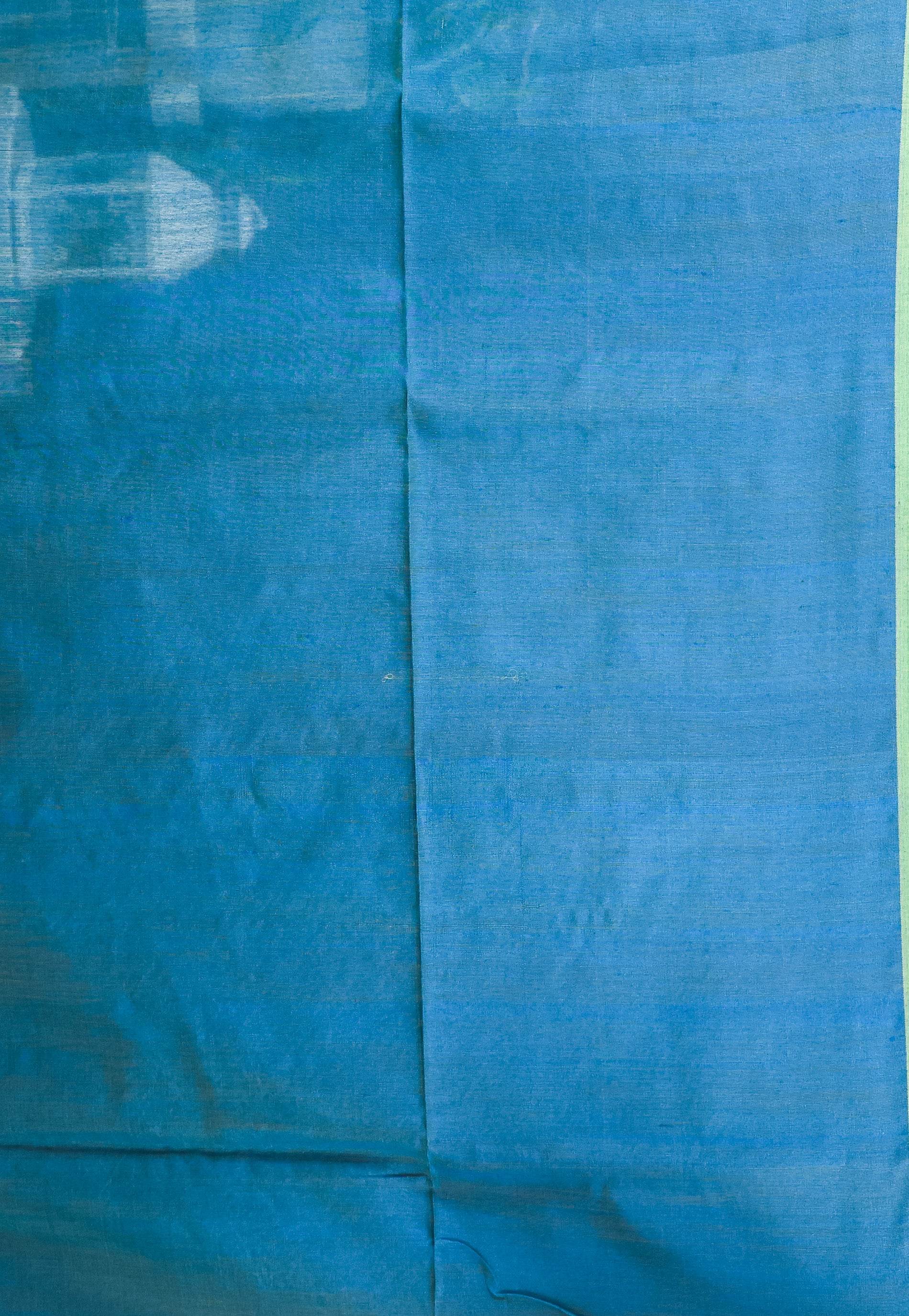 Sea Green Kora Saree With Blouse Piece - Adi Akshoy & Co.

...

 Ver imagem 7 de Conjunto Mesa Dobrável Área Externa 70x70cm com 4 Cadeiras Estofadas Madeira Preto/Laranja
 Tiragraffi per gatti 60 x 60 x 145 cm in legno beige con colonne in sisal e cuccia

--

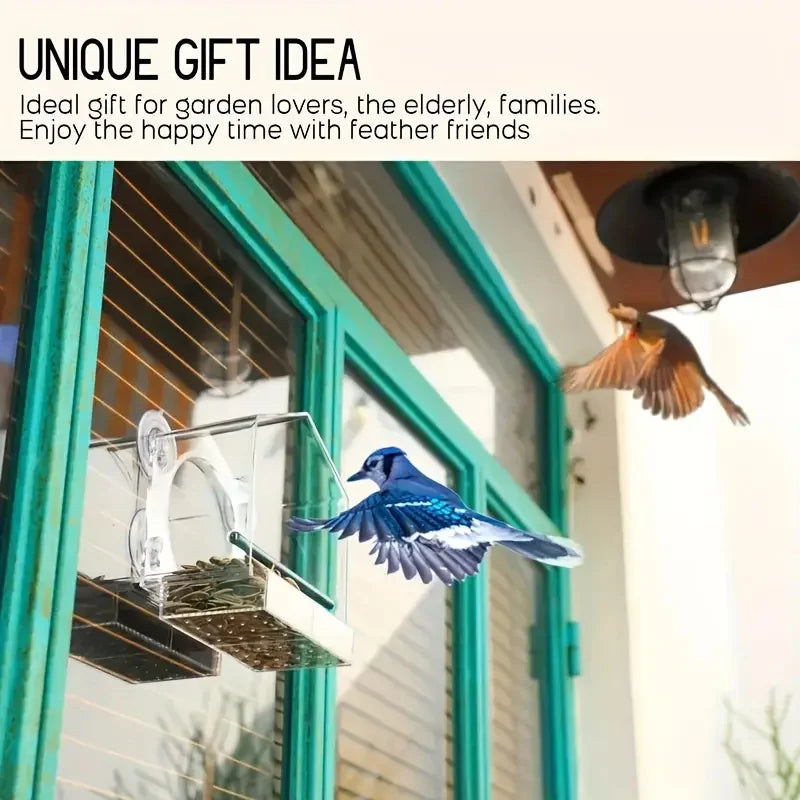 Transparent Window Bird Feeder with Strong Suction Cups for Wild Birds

* WORK TASK
What do the lines above say from the one containing "Ver imagem 7" down to the one containing "Tiragraffi per gatti"? Return them exactly, both end lines included, and only them.

* COMPLETED TASK
 Ver imagem 7 de Conjunto Mesa Dobrável Área Externa 70x70cm com 4 Cadeiras Estofadas Madeira Preto/Laranja
 Tiragraffi per gatti 60 x 60 x 145 cm in legno beige con colonne in sisal e cuccia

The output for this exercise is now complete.